秋斉さんは、その大半を俊太郎さんから聞いていたようだけれど、改めて私の言葉に驚いているようだった。
「この時代に生きる意味でもあるんやろうか?」
「何となくですけど、私もそれは思っていました…」
俊太郎さんも、秋斉さんも。
同じ時代を選び、お互いにその想い人を探していた。
「今は、分からないけれど…きっと、いつか分かる日が来るんじゃないかと」
「……そうかもしれへんね」
柔和な微笑みを浮かべる秋斉さんに頷いて、微笑み返す。
この時、私は夢のようなことを考えていた。
あの時代で関わった、全ての人達と再会出来たらいいのに…と。
その後、順調に走って来られたおかげで、なんとか9時前に辿り着くことが出来た。
秋斉さんはふぅ~と、小さな息を漏らしながら…
「途中、寄り道してしもうたからどうなるかと思ったが」
「秋斉さん、今日もお付き合い下さってありがとうございました」
「いや、これぐらい当たり前や。あんさんは、俊太郎はん許嫁いいなずけ(いいなずけ)やし」
「い、許嫁っ……」
その、許嫁という言葉を聞いて、瞬時に耳まで真っ赤になっていくのが分かる…。
「俊太郎はんは、そないゆうてはったけど」
「私も、そのつもりです!でも、まだ先になるかと…」
「そうか…」
秋斉さんは、少し伏し目がちな視線で呟くと、「もうじき9時になる」と、言って私に家に戻るように促した。

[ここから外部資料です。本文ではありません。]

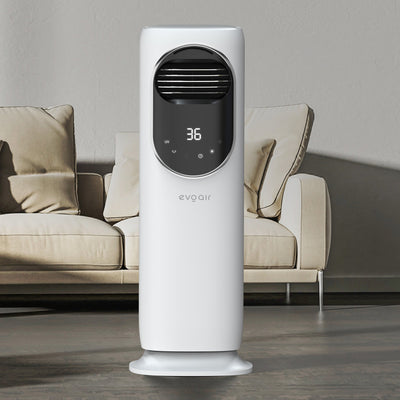Ventilator turn 4 in 1 Evoair BRIIS SILVER BLACK, Functie Incalzire/Racire/Umidificare/Sterilizare UV, Telecomanda, 5 viteze, Pastile Racire 2+2 Cadou, Rezervor 3.15l, Display Negru, Contur Argintiu - OVIX - Găsești soluții de încălzire, răcire și ventilare, toate integrate și controlabile dintr-o singură platformă.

「あの、お店がオープンしたらメール下さい!友達と遊びに行きますから」
そう言って、私は携帯を取り出すと、秋斉さんはハンドル脇に設置されている携帯を片手に操作し始め、
「こちらが受信でええやろうか?」
「あ、はい!じゃ、送信しますね」
無事に交換が終ると、秋斉さんはまた微笑みながら。
「ぎょうさん連れて来ておくれやす」と、言った。
私は、元気よく頷いて車を降りて。
「じゃ、また!帰り道、気を付けて下さいね」
「ああ」
ドアを閉めて、見送ろうとしたその時。
助手席の窓が開いてすぐ、早く家に戻るように促される。
「あんさんが家に戻るのを見届けんと…」
「え、あ…分かりました」
そう言って慌てて玄関へと急いで、その前でお辞儀をして家の中へ入ると、それから間もなくして車が走り去る音がした。
「本当にありがとうございました」
ドア越しにそう呟いて、振り返るとお母さんのにんまりとした視線と目が合う。
「うわっ…びっくりした…」
「お帰りなさい」
「ただいま…」
マッタリと靴を脱いでいると、「で、どうだったの?」と、尋ねられた。
「楽しかったよ!とっても」
「そう、彼はもう帰っちゃったの?」
私は、今日一日の出来事や、洋服の中に隠れてしまっていたイルカのペンダントを取り出して、プレゼントして貰ったことなどを簡潔に話した。
「良かったわね」
「うん…一生、忘れられない日になったよ」
それから、しばらくの間。楽しそうなお母さんと、ナイターを見ていたお父さんとも話をして。俊太郎さんからの連絡が来る前にお風呂などを済ませた私は、ベッドの上で横になりながら今日一日を振り返っていた。
「俊太郎さんに報告しなきゃ…」
慶喜さんにそっくりな男性を見つけてしまったことを…。
でも、何よりも私は……
無事に京都へ着いたというメールが待ち遠しくて。また、とろけるような声で優しく包み込んで貰いたくて。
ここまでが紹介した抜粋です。